On a
raw Tuesday morning in late April, in a small federal courtroom on the
Boston waterfront, a fisherman sat alone on a witness stand and tried to
remember the September morning he'd spent three years and seven months trying
to forget. He folded his hands and looked past the lawyer to the water-blue and
blood-red stencil rolling along the dark wooden arches on each of the room's
white walls. The arches signified the equal contributions of everyone--judge,
lawyers, litigants, and onlookers--to the events that would unfold upon the
blue carpet. But to the fishermen who would gather here to add their shards of
memory to the emerging mosaic of a tragedy, the wooden curves resembled the
lingering image of a capsized boat.
Sitting
opposite an empty jury box was Richard Burgess. Wearing dark blue jeans, an
olive button-down shirt, and brown deck shoes, he had slung his royal blue
jacket over a chair. Embroidered on the back were his boat's name, Scotia
Boat Too, and a bluefin tuna. His forty-six-year-old,
clean-shaven face held the weathered lines of a seasoned fisherman, while his
trimmed black hair, black mustache, and silver-rimmed eyeglasses suggested a
soft-spoken, contemplative man.
Plaintiffs'
attorney Bradley M. Henry asked him what he did for a living. Burgess explained
that he owned five boats and now spent many of his days ashore running his
fishing business rather than going to sea.
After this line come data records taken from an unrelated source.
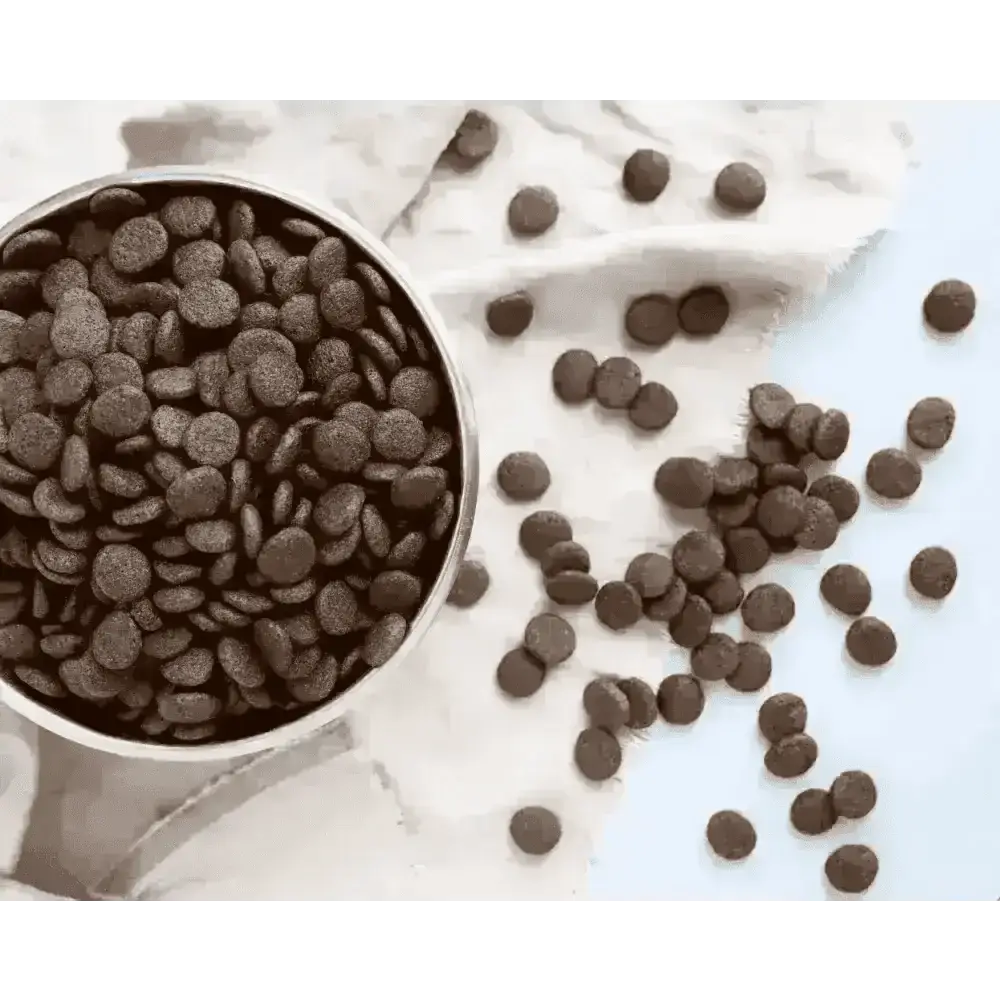 Chocolate chip cookie mix in a silver bowl with scattered chips on white cloth for grain free treats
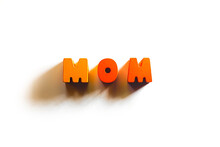 Wooden Orange Letters Text Word Mom With Shadows At Isolated White Background, Family, Kids Love, Motherhood Concept 
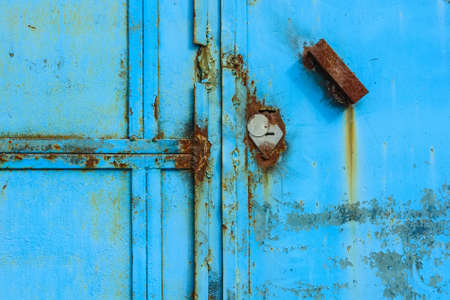Old rusty metal door painted blueの写真素材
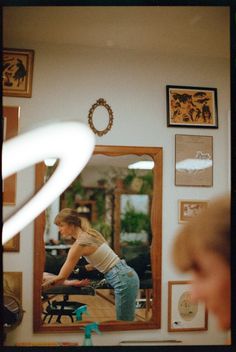 a woman standing in front of a mirror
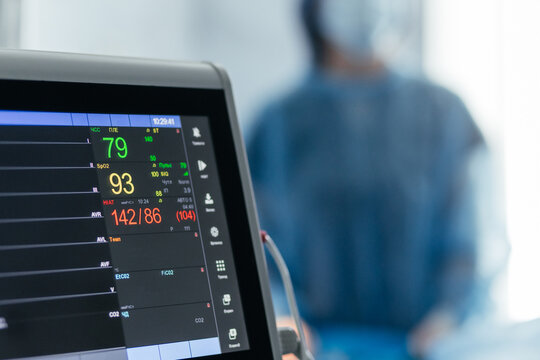 Close-up of a hospital vital signs monitor showing heart rate, blood oxygen saturation and blood pressure during perioperative patient care. Free copy space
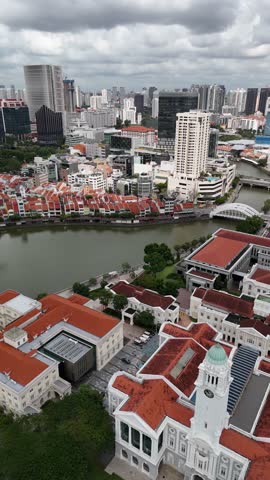 Vertical, aerial: Boat Quay during the day with cloudy sky, cityscape and Singapore River in Singapore, establishing drone shot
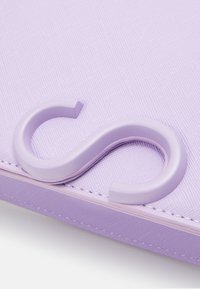 Violetti tekstuuri kangas, jossa kiiltävä lilanvärinen S-muotoinen koukku on merkittävä piirre. Muotoilu on yksinkertainen ja moderni.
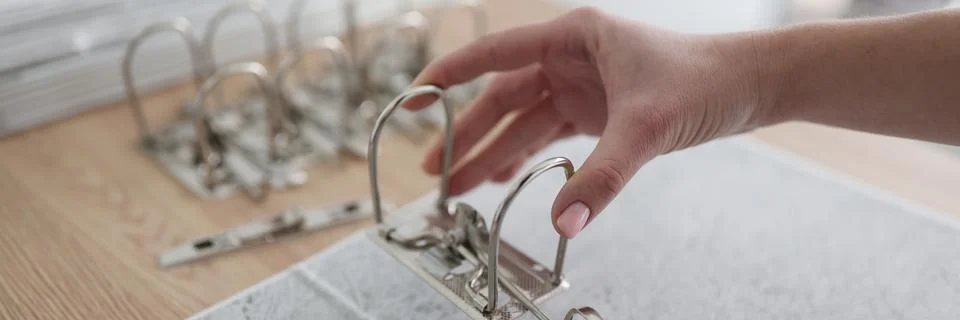 The hand inserts the ring mechanism into the folder 스톡 사진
He wasn't asked about the hours he
spent advocating for Gloucester's commercial fishermen as vice-president of the
North Shore Community Tuna Association and chairman of the Gulf of Maine
Fishermen's Alliance. He didn't mention that he had once been appointed by
Governor William Weld to the Massachusetts Fish Recovery Commission and had
served as a member of the board of directors of the Massachusetts Fishermen's
Partnership.
Burgess
also didn't mention that he spent much of his time ashore worrying about his
boat crews working offshore--more, probably, than he would worry if he were
with them. He didn't tell the judge that every time the phone rang late at
night he hesitated to answer it, afraid something could be wrong aboard one of
his boats. That's when his wife would tell him to pick up the phone, saying,
"You have to find out what's going on."
"You
don't fish anymore?" U.S. District Court Judge Patti B. Saris asked him.
"Just
a little bit in the summertime, maybe," Burgess said.
"Why
is that, Mr. Burgess?" Bradley Henry asked.
"I
just have a hard time sleeping at night on the vessel."
"And
why is that?"
"From
this incident."
"How
long have you been a fisherman?" Henry asked.
"Twenty-five
years."
Richard
Burgess had had his feet in fishing boots for as long as he could
remember. As a kid, he'd spent every summer with his uncles, commercial
fishermen who lived on New Brunswick's Campobello Island. He tended fish weirs
alongside them at seven years old and later joined them on longlining and
herring seining trips. At the end of each summer, he returned to
Manchester-by-the-Sea, a small coastal town a few miles south of Gloucester.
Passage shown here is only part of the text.